Your task: With the pictures left aside, write out the entries that follow exactly.

Task input:
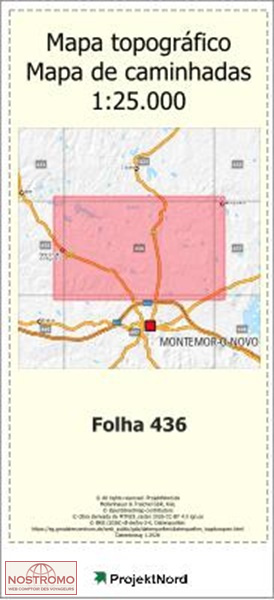 436 FOROS DE VALE DE FIGUEIRA | carte topographique Projektnord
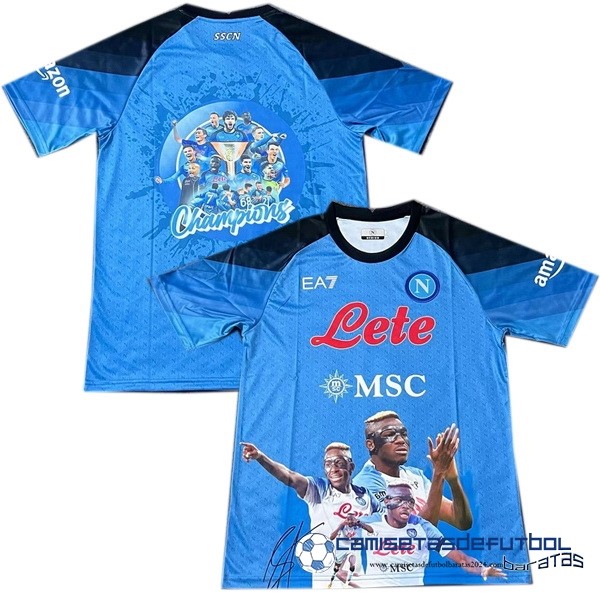 EA7 Tailandia Especial Camiseta Napoli Equipación 2023 2024 I Azul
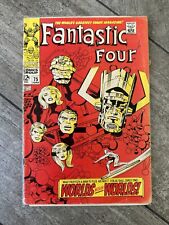 Fantastic Four #75 Marvel 1968 (G) Silver Surfer & Galactus App KEY Look picture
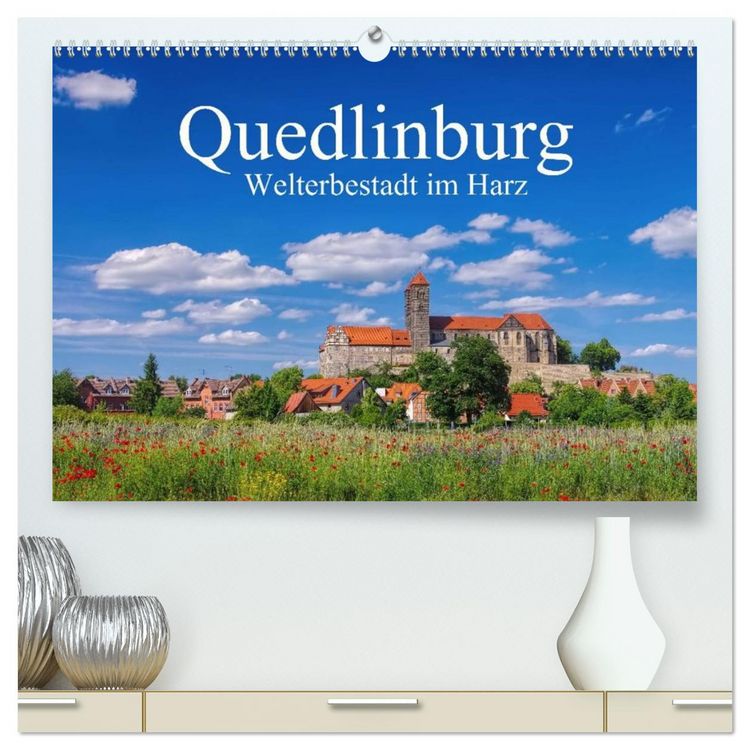 Produktbild: Quedlinburg - Welterbestadt im Harz (hochwertiger Premium Wandkalender 2026 DIN A2 quer), Kunstdruck in Hochglanz
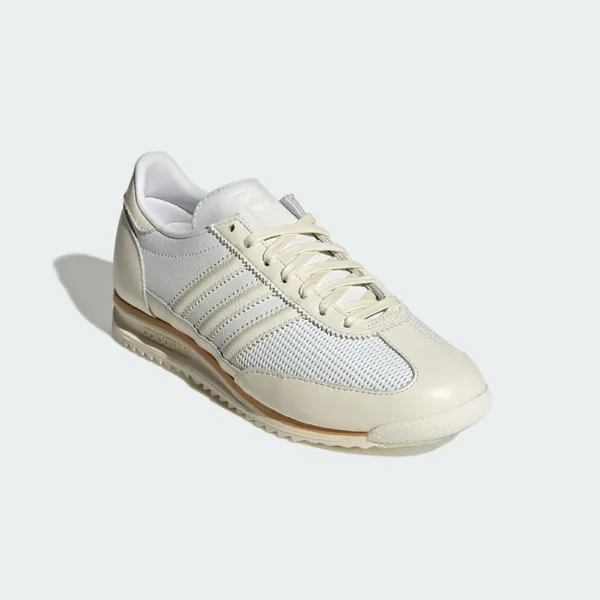 NWT adidas Originals SL 72 OG sneakers in gray with blue detail 8 - Image 5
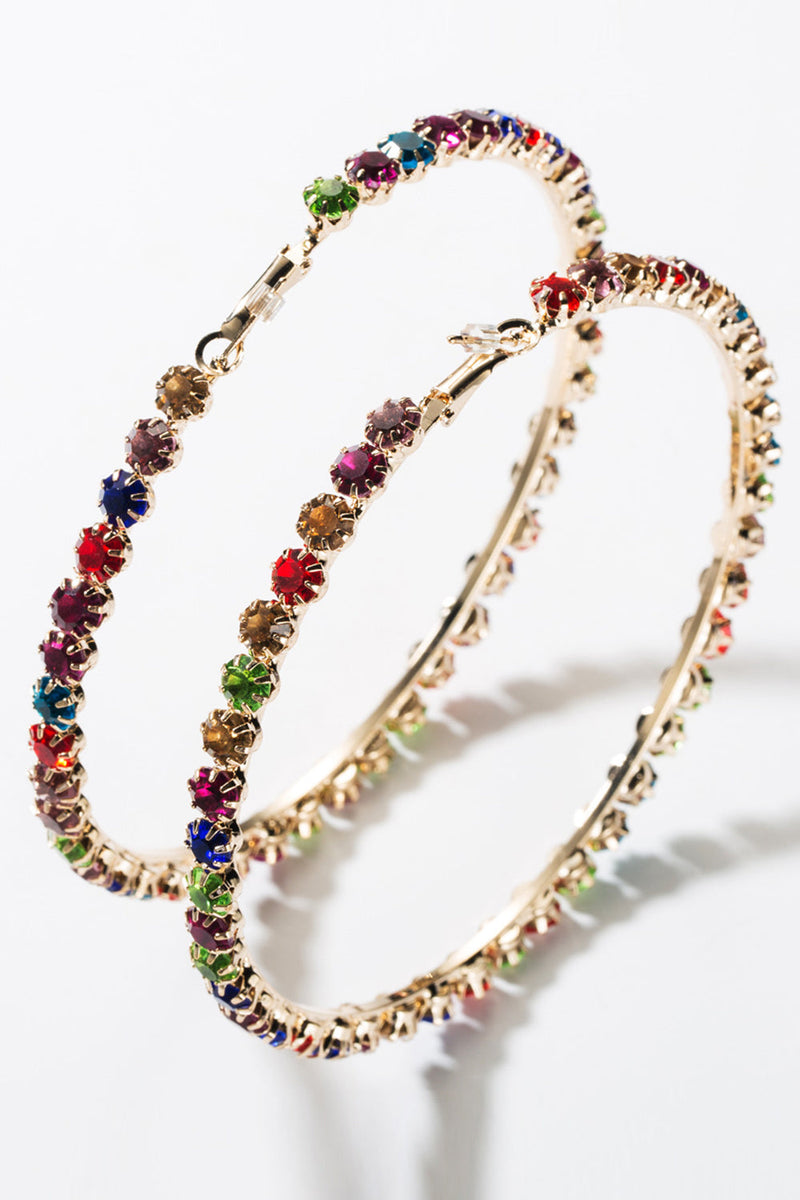 Laden Sie das Bild in den Galerie-Viewer, Bunter Perlen-Creolen-Ohrring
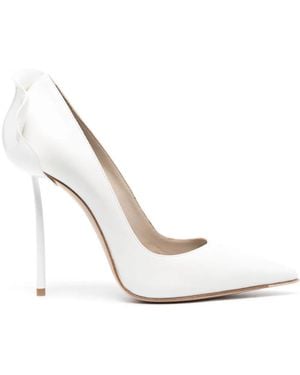 Le Silla 120Mm Petalo Ruffle-Detail Court Shoes - White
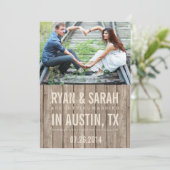 素朴な木保存日付 セーブザデート (スタンド正面)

Written solution:
 436 FOROS DE VALE DE FIGUEIRA | carte topographique Projektnord
 EA7 Tailandia Especial Camiseta Napoli Equipación 2023 2024 I Azul
 Fantastic Four #75 Marvel 1968 (G) Silver Surfer & Galactus App KEY Look picture
 Produktbild: Quedlinburg - Welterbestadt im Harz (hochwertiger Premium Wandkalender 2026 DIN A2 quer), Kunstdruck in Hochglanz
 NWT adidas Originals SL 72 OG sneakers in gray with blue detail 8 - Image 5
 Laden Sie das Bild in den Galerie-Viewer, Bunter Perlen-Creolen-Ohrring
 Le Silla 120Mm Petalo Ruffle-Detail Court Shoes - White
 素朴な木保存日付 セーブザデート (スタンド正面)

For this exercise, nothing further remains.